*** SOURCE MATERIAL ***

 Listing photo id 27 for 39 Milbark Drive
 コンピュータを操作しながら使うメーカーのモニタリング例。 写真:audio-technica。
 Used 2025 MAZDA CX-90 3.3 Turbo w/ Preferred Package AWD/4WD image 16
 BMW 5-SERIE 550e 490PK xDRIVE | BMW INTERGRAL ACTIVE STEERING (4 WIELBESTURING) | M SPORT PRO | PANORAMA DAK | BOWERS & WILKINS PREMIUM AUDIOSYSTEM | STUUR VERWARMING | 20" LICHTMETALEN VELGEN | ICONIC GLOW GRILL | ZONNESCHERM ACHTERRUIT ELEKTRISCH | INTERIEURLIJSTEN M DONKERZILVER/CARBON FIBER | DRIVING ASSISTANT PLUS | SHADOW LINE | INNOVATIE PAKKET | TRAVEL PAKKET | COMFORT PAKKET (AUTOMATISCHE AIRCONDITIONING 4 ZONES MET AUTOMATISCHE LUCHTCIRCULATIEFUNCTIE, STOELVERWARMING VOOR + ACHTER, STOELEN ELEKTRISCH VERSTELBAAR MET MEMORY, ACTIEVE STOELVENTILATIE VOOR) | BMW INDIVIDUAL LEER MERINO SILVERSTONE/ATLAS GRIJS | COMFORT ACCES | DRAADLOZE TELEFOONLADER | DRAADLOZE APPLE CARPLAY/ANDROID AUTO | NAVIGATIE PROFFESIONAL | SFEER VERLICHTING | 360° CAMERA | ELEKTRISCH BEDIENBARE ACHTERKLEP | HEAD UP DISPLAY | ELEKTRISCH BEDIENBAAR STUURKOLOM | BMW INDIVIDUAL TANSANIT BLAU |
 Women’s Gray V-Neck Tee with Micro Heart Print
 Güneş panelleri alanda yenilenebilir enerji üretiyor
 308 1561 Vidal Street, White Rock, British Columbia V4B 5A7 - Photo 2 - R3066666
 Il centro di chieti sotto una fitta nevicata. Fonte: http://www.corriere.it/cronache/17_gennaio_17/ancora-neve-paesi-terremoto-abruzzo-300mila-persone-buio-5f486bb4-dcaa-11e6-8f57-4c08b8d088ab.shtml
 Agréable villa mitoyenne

*** End of SOURCE MATERIAL ***

• ABOUT THIS TASK
Using the records above, write out exactly the lines from the one containing "Il centro di" through the last, and add nothing.

• TASK SOLUTION
 Il centro di chieti sotto una fitta nevicata. Fonte: http://www.corriere.it/cronache/17_gennaio_17/ancora-neve-paesi-terremoto-abruzzo-300mila-persone-buio-5f486bb4-dcaa-11e6-8f57-4c08b8d088ab.shtml
 Agréable villa mitoyenne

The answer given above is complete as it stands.